While brushing my teeth in the morning and at night, I noticed that I held the electric toothbrush in my hand a certain way, but, if I changed my grip and lowered my elbow an inch or two, I could eliminate the pain.
Cooking, I had to take care cutting with a knife, whether it was chopping carrots, peeling potatoes, or simply slicing bananas.
Lifting the filtered water pitcher off the counter was a challenge because the pitcher was heavy when filled, and pouring it required vigilance so that I didn’t wrench or twist my wrist.
The simple act of using a fork, lifting my glass, or turning a door knob was filled with pain if I wasn’t fully attentive to the action and how it involved my wrist.
Throughout the day I noticed how I relied on my hands and wrist to help steer a car, hold a pen, and type on my laptop.
Thanks to my yoga practice, I learned to become more aware of my wrist and how I might use (or misuse) it throughout the day.
Now when I come to Chatarunga as one of the poses in the sequence of poses in our class, I take special care to notice how my wrist feels and to modify the pose, if needed, so that I don’t feel any pain.

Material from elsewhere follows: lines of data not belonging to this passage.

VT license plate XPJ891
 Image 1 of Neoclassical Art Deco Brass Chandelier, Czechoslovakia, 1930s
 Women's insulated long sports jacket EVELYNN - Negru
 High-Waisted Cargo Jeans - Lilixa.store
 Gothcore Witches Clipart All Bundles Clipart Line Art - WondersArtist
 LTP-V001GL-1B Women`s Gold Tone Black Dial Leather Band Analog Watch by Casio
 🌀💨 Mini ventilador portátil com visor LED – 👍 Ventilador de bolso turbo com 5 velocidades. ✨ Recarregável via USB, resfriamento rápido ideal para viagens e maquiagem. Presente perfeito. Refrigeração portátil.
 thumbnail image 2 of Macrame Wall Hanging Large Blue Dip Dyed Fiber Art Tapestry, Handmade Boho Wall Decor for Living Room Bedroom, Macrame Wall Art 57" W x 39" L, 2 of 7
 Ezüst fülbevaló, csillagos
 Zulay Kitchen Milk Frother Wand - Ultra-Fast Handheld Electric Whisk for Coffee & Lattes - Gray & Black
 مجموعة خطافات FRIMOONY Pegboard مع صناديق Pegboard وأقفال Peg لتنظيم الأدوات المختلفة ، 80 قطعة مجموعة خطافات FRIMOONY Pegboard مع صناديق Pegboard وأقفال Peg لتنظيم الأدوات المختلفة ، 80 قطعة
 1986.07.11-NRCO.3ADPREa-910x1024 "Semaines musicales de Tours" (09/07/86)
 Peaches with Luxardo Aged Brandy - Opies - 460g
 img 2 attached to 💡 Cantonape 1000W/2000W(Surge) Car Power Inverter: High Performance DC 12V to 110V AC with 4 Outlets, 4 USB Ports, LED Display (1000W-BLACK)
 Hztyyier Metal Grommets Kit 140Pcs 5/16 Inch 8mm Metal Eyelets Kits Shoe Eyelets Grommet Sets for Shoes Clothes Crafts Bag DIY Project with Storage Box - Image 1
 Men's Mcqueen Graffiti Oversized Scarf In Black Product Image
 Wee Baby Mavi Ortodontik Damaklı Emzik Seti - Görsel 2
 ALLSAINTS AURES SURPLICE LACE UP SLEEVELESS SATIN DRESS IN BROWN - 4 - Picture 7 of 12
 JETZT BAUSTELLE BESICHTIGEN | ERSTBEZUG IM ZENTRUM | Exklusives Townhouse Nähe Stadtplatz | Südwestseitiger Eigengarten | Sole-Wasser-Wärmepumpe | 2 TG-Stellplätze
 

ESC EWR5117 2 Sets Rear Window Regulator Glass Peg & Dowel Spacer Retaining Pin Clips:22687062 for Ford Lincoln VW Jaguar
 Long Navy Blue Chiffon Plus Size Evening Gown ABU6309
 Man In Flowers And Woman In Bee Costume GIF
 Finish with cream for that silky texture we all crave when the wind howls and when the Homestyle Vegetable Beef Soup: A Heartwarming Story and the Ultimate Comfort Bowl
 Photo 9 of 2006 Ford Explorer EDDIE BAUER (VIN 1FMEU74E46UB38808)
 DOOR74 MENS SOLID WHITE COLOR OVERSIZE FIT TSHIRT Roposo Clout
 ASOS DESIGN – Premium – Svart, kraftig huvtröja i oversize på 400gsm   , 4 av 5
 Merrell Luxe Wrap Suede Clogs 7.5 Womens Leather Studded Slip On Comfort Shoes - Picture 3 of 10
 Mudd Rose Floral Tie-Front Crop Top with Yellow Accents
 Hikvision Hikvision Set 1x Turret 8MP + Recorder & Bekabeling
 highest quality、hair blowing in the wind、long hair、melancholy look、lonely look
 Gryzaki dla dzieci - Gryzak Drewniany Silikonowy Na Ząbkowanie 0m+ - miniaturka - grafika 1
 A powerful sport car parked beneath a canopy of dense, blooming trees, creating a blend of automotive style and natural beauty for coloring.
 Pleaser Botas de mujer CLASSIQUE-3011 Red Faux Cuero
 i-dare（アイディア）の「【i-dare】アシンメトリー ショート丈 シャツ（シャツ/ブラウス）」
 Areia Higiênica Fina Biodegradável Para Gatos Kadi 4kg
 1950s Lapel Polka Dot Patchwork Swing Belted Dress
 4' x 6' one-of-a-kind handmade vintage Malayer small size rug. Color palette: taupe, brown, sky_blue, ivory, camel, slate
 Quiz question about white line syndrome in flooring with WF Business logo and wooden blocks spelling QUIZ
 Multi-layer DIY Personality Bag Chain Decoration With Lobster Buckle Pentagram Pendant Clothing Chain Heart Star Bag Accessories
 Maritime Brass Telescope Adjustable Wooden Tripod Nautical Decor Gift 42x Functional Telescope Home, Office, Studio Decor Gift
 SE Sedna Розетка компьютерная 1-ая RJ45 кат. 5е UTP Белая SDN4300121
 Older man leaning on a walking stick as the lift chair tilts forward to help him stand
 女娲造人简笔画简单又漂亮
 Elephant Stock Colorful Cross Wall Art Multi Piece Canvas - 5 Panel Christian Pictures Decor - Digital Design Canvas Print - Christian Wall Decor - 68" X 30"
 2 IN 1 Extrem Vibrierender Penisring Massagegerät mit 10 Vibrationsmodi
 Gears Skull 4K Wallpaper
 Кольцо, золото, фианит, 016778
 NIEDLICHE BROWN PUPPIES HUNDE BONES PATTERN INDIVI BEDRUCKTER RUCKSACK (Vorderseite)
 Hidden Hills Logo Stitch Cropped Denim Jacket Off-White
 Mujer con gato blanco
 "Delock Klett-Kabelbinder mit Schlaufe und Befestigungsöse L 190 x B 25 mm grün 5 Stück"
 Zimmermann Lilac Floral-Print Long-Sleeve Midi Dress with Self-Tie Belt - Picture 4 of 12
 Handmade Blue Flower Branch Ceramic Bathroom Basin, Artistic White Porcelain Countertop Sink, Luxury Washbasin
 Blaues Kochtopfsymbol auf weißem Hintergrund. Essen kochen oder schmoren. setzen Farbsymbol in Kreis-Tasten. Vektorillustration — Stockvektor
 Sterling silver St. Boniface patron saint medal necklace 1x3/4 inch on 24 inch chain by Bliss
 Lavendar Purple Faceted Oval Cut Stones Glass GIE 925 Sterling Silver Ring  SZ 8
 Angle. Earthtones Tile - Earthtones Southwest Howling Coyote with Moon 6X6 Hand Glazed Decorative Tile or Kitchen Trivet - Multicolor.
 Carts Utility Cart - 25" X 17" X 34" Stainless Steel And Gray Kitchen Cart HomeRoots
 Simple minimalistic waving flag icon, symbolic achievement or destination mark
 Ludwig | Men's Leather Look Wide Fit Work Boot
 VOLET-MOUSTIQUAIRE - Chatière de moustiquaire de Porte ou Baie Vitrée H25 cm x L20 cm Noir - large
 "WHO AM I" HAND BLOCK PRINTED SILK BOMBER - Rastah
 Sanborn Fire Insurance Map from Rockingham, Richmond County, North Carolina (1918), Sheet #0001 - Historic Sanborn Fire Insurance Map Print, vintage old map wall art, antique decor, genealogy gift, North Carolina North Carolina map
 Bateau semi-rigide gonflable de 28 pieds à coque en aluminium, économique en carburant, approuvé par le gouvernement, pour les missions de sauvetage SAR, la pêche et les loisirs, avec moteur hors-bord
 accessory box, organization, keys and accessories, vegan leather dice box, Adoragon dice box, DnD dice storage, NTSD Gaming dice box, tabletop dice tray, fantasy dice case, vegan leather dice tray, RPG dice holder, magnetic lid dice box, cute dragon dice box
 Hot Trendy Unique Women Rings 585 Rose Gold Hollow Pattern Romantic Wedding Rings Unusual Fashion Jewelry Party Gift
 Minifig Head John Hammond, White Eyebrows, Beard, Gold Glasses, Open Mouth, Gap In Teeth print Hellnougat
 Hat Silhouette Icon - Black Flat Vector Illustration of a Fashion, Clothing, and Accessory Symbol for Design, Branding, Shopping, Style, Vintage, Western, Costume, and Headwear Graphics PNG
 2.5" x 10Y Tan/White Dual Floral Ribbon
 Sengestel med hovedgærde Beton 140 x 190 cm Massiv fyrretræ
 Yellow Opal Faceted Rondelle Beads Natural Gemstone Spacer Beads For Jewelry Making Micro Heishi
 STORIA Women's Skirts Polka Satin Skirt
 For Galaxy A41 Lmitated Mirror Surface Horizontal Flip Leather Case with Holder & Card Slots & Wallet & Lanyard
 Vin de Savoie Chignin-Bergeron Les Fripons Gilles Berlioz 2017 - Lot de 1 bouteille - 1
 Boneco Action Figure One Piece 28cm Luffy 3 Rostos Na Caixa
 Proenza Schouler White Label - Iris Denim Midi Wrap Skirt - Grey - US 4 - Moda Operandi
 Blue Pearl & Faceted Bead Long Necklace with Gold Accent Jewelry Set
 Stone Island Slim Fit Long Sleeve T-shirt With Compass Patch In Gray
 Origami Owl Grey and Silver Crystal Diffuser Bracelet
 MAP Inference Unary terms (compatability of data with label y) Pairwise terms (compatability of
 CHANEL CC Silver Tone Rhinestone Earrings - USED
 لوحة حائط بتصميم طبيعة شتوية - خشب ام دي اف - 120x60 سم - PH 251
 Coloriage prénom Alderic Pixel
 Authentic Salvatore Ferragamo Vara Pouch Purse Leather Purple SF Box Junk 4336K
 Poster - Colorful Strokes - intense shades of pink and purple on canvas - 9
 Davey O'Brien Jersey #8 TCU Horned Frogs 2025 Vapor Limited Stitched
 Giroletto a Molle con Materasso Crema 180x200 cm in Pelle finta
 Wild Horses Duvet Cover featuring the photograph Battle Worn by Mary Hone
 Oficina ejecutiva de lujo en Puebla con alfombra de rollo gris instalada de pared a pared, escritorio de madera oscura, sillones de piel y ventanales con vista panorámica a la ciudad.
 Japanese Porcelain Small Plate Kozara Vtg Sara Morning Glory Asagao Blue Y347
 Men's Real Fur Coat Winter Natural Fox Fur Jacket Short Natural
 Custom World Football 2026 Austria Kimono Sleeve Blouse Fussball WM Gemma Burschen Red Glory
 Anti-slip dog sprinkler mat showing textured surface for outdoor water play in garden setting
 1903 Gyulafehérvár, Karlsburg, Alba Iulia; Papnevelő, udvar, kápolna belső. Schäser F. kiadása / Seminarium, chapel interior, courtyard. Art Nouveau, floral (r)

I press my finger pads and my index finger ball mound into the mat.
I try to notice if my forearms are placed too widely apart or too narrowly together, if my hands are too far forward of my shoulders or too far back.
It’s taken weeks of mindfulness for my wrist to feel better.
And I have yoga to thank for helping me become more mindful of a part of my body that I had taken for granted.
Practice journal: Do you feel any pain when you practice? How does yoga help you notice the pain and become more mindful of ways to avoid pain? What steps have you taken to address the pain on and off your mat? Write: 10 min.